Morgan Stanley Capital International (MSCI) upgraded the ratings of UAE and Qatar on its equities index to emerging markets status at the fifth time of asking on June 11 .
MSCI’s index, which is followed by investors managing $7 trillion in assets, had become an annual source of frustration for both Gulf countries. However, this month’s decision to promote them from their current frontier markets tag could unlock billions of new investment into their stock markets.
“For both markets it’s very, very positive,” says Amer Khan, a fund manager at Dubai-based investment bank Shuaa Capital. “For the UAE we believed this was their best shot of getting into the emerging markets index out of all the previous years. The [UAE markets] regulator had made it pretty clear that it was important and they would do everything they could to address all of the requirements.”
In its 2013 Annual Market Classification Review, MSCI highlighted the improvements that exchanges and regulators in both markets have made over the last few months to accommodate investors.
For the UAE, the report underlined the implementation in May of a delivery-versus-payment (DVP) model and the provision of more protection to buyers in the event of false trades. MSCI said that this has mitigated fears over safekeeping of investors’ assets and encouraged international buyers to move away from a dual-account structure, whereby investors transfer shares from one account to the other prior to trading.
“If you look at the rationale for why the UAE wasn’t upgraded twelve months ago, it was clearly referenced that that was an issue and the reliance on the dual account structure — that was a problem,” says Peter Gotke, managing director and head of GCC depositary receipts at BNY Mellon. “It’s been put in place recently and it’s got to the point that investors are comfortable that it’s working and sustainable.”
For Qatar though, the decision to upgrade to emerging-market status was a tad more unexpected.
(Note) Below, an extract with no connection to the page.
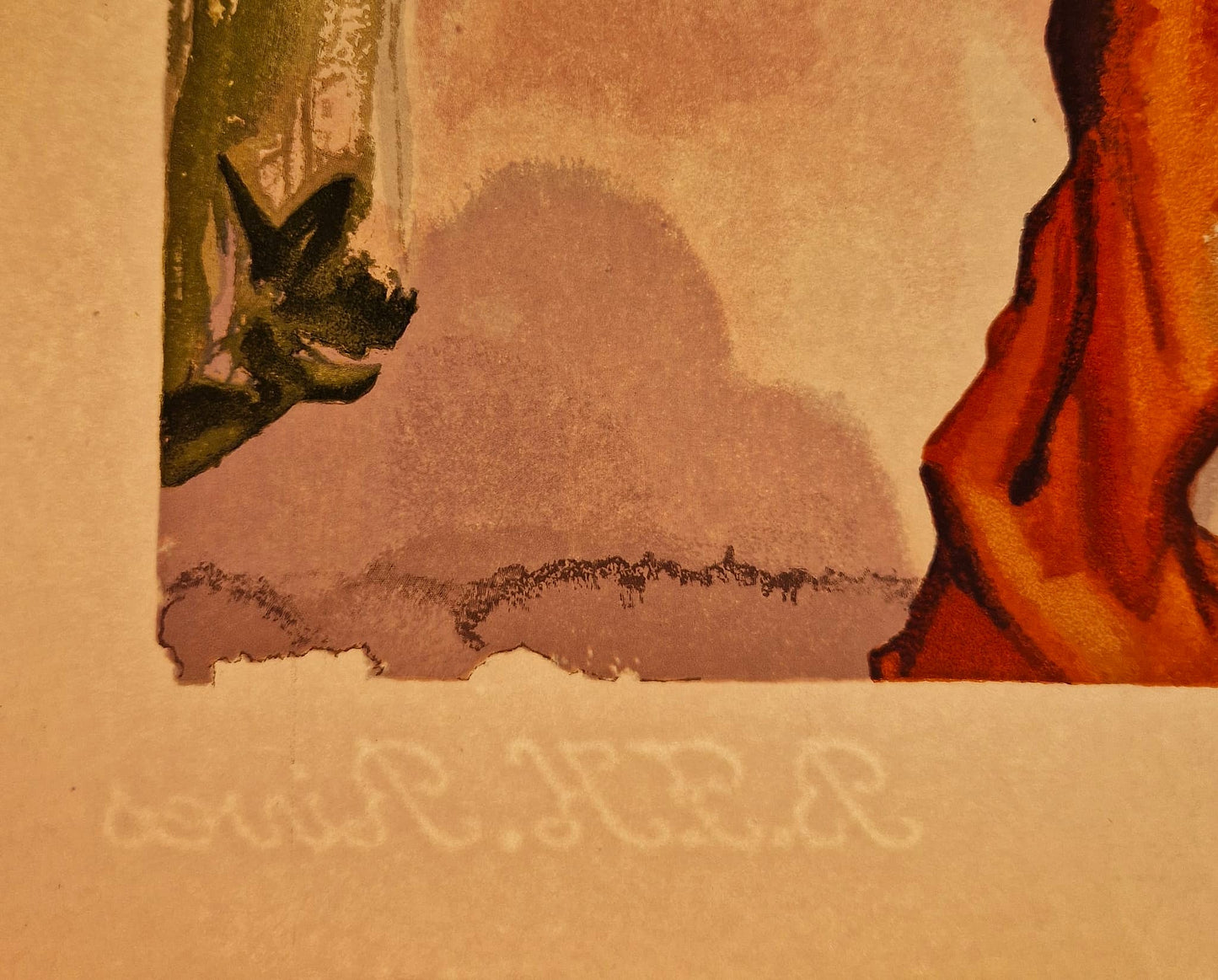 SALVADOR DALI - Prayer of Saint Bernard (Dante - Divine Comedy) (Unframed)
In its annual review, MSCI also praised the implementation of DVP and a false-trade mechanism, but expressed concerns over the low level of foreign ownership in stocks permitted by authorities. “Foreign ownership limits in Qatar remain low by emerging market standards and the Qatari authorities should actively continue to increase them above 25 percent in order to mitigate potential issues arising from increasing foreign capital inflows,” it read.
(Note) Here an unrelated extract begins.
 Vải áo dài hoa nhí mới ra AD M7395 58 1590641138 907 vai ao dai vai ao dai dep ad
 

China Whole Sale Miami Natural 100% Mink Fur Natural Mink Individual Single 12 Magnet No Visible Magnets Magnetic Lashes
“Qatar is a bigger surprise, and I think the consensus in the market was that they wouldn’t make it, and that consensus wasn’t ill-informed or anything, but it was based on the factual progress Qatar had made on the requirements that MSCI had repeatedly laid out for them in the previous reviews,” says Shuaa’s Khan, in reference to the foreign ownership requirements set out by MSCI. “But it’s a positive surprise — obviously it’s not been a deal breaker.”